God made all of humanity—both men and women—in His image: “So God created man in his own image, in the image of God he created him; male and female he created them” (Genesis 1:27, ESV, see also Genesis 2:20–24; 5:2). A woman is a person of the female gender, and a man is a person of the male gender. Spiritually, men and women are equal in God’s eyes (Galatians 3:28). Both reflect God’s nature and character, yet the two genders each possess separate, distinct, God-designed identities.
It is impossible to consider the definition of a woman in the Bible without also contemplating the substance of a man, since the woman was created from the man: “Then the Lord God said, ‘It is not good for the man to be alone. I will make a helper who is just right for him.’ . . . So the Lord God caused the man to fall into a deep sleep. While the man slept, the Lord God took out one of the man’s ribs and closed up the opening. Then the Lord God made a woman from the rib, and he brought her to the man” (Genesis 2:18–22, NLT).
As God carried out the task of creation, He observed only one thing that was “not good,” and it was “for the man to be alone” (Genesis 2:18; 1 Corinthians 11:11–12). Thus, God “made a woman” (Genesis 2:22). The Hebrew word banah, translated as “made” in this verse, literally means “built.” The woman is the only created being described this way, as “built” by God.
When God constructed the woman, He supplied what was lacking and necessary for a man’s fulfillment or completion. Eve was custom-made to be Adam’s corresponding opposite (Genesis 2:21–24). Only with God’s unique gift of Eve could Adam become not merely a solo male of his species but a legitimate model of the human race. Intrinsic in the biblical definition of a woman is this quality—this gift. Woman is man’s cooperative complement or reciprocal; she is not merely a helpful assistant or an add-on accessory (1 Corinthians 11:11; 1 Peter 3:7). Fitted together as woman and man, the two become symbiotic humanity created in God’s image. Only as such do man and woman find their sexual counterparts and necessary procreative match.
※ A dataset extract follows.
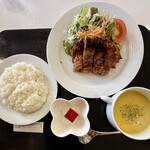 クロス　カフェ -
Since the ancient world was a patriarchal society, most written records of that time, including Scripture, present a predominately male perspective. Nevertheless, throughout the Bible, women play significant roles in the community, home, and church. Different biblical words are used to refer to a woman in relation to these roles. The most general Hebrew term for “woman” is ʾiššâ, but it can also mean “wife.” The Greek counterpart is gynē. Many other Hebrew and Greek words are used to describe women at different ages and stages of life.
The foremost role of a woman in the Bible is that of a wife. She is a companion who supports her husband (Genesis 2:18, 20; Proverbs 12:4:), enriches his life (Proverbs 31:11), and brings him joy and pleasure (Genesis 2:23; Song of Songs 4:1–15). An equally defining role of women in the Bible is child-bearer or mother (Psalm 113:9; Proverbs 1:8; 29:15; 31:28).
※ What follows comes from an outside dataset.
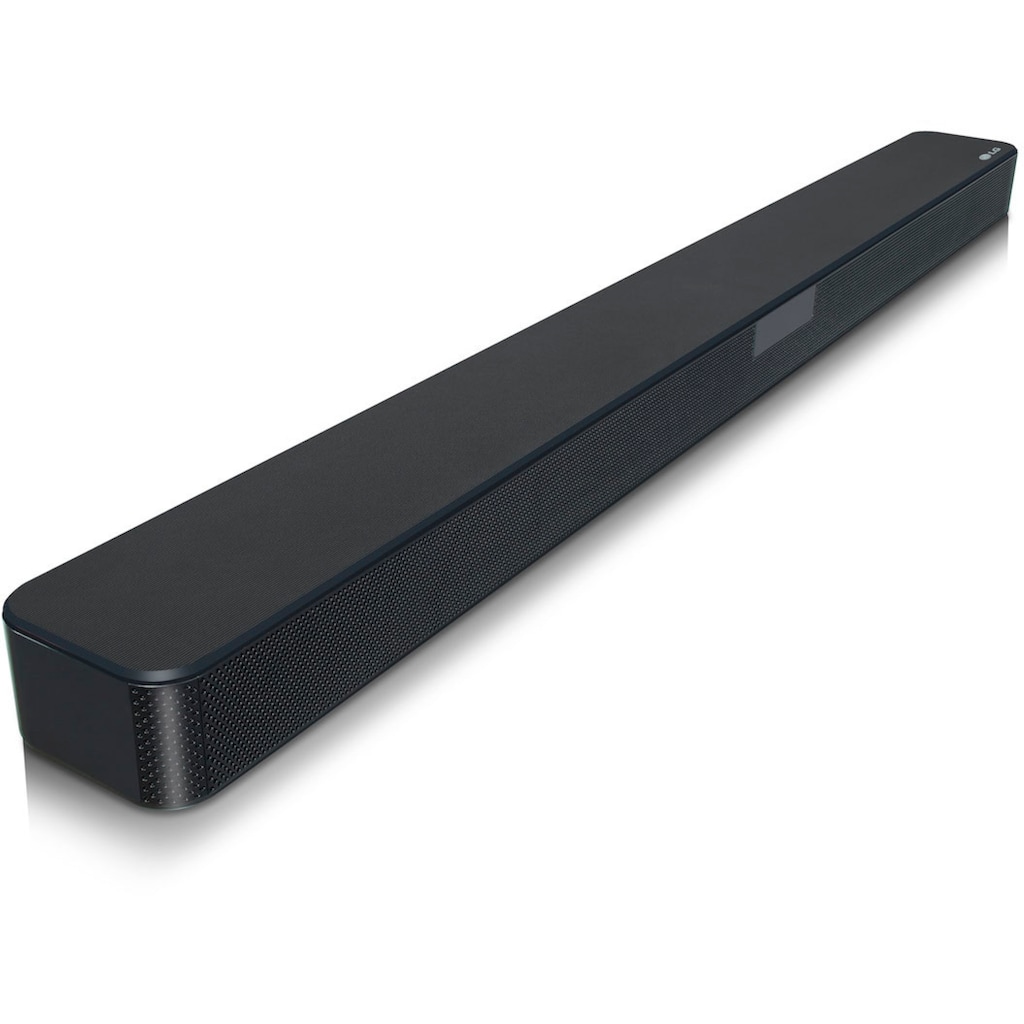 LG Soundbar »DSL4«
The ideal Old Testament woman resembles many women of strength and character today. She is dignified and virtuous, works productively not only at home but is capable of running a profitable business, supervising people with kindness and wisdom, making investments, and planning for the future, all while managing her household, building a solid family, and caring for the needy in her community (Proverbs 31:10–31; 14:1).
In the early church, women ministered alongside the apostles and supported the work of the church (Acts 16:14–15; Romans 16:6, 12; Philippians 4:2–3), hosted church meetings (Acts 16:15; 1 Corinthians 16:19; Colossians 4:15), prophesied (Acts 21:8–9; see also Acts 2:17–18), mentored, and taught (Titus 2:3–5).
In God’s perfect design for the home, He intends for a woman to be submitted to the leadership of her husband (Ephesians 5:22–25; 1 Peter 3:1, 5). A wife’s submission and obedience are to be reciprocated by the husband’s love and self-sacrifice (Ephesians 5:25, 28–29, 33). In this way, the woman’s relationship with her husband portrays the church’s relationship with Jesus Christ (Revelation 21:9).
Jonathan Parnell writes, “What makes men men, or women women, is intrinsically connected to the majesty of the God in our design. We each exist as we do in order to display that glory” (Good: The Joy of Christian Manhood and Womanhood, Strachan, O., and Parnell, J., eds., Desiring God, 2014, p. 4). God created the woman to complement and complete the man and thereby become a God-glorifying representation of His nature and character. When a woman fulfills her God-given role, she honors the Lord in the church and shows forth God’s glory to the world.